While the above example is strictly functional (to run inference on this and similar deployments, see Remote Inference on Triton Server. there are certain optional components missing:

While the Triton inference server in the above example can be accessed either by neighboring pods in the cluster or authenticated clients using kubectl port-forward, it cannot be accessed by an arbitrary anonymous client. To allow for this, consider adding the following to values.yaml:

service:
  type: LoadBalancer

This will provision the Triton service with type LoadBalancer, which will automatically create an AWS elastic load balancer pointing to the Triton pod. To get the DNS name of this load balancer, you can query the service like so:

kubectl get svc -n triton-example
NAME             TYPE           CLUSTER-IP      EXTERNAL-IP                                                              PORT(S)                                        AGE
triton-example   LoadBalancer   172.20.67.101   aad62a015a3a241ef888db24515c4786-974307675.us-west-2.elb.amazonaws.com   8001:32182/TCP,8000:30248/TCP,8002:31026/TCP   2m

Alternatively, if your cluster has an externally-accessible ingress controller you can make Triton accessible through an ingress resource. To do so, add the following to your helm chart values file:

ingress:
  enabled: true
  grpc:
    host: <GRPC_HOSTNAME>
  http:
    host: <HTTP_HOSTNAME>

Doing so will allow helm to create ingress resources for both HTTP and GRPC access to the Triton pods. Assuming that and both redirect to the IP address of your ingress controller, you should be able to access the inference server this way.

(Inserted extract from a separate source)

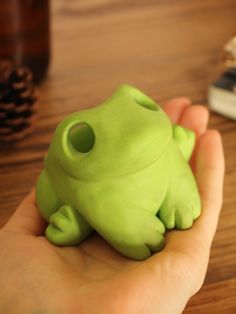 a hand holding a green toy frog on top of a wooden table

Important: the NGINX Ingress Controller, which is one of the more prevalent ones in use today, does not allow for plaintext GRPC communications. If you plan to use this helm chart with that particular controller, you will have to add a TLS Secret:

ingress:
  enabled: true
  grpc:
    host: <GRPC_HOSTNAME>
  http:
    host: <HTTP_HOSTNAME>
    tls:
      - hosts:
          - <GRPC_HOSTNAME>
        secretName: <TLS_SECRET>

While using node selectors as in the example above guarantees that the Triton pod will land on the correct hardware, this does not guarantee other resource-hungry pods will not land on the same node. This leads to the busy neighbor problem, wherein the Triton server’s performance is hindered by excess resource contention. This can be prevented through the use of taints and tolerations , which limit which nodes pods are allowed to schedule on. In this example, start by applying the following taint to the c5n.xlarge node pool:

triton-instance-type=c5n.xlarge:NoSchedule

This taint makes it so that all pods which don’t have the corresponding triton-instance-type=c5n.xlarge toleration cannot be scheduled. To allow our triton pods to schedule on these nodes once more, we can add the following to the helm chart, which will configure the relevant toleration:

tolerations:
 - key: triton-instance-type
   value: c5n.xlarge
   operator: Equal
   effect: NoSchedule

This ensures that the Triton pod will perform without significant resource contention.

Next steps:

Remote Inference on Triton Server

This tutorial provides an example of how to run inference against a deployed Triton container in EKS. It is broken into two parts—accessing the Triton service in Kubernetes, and running instances against the server.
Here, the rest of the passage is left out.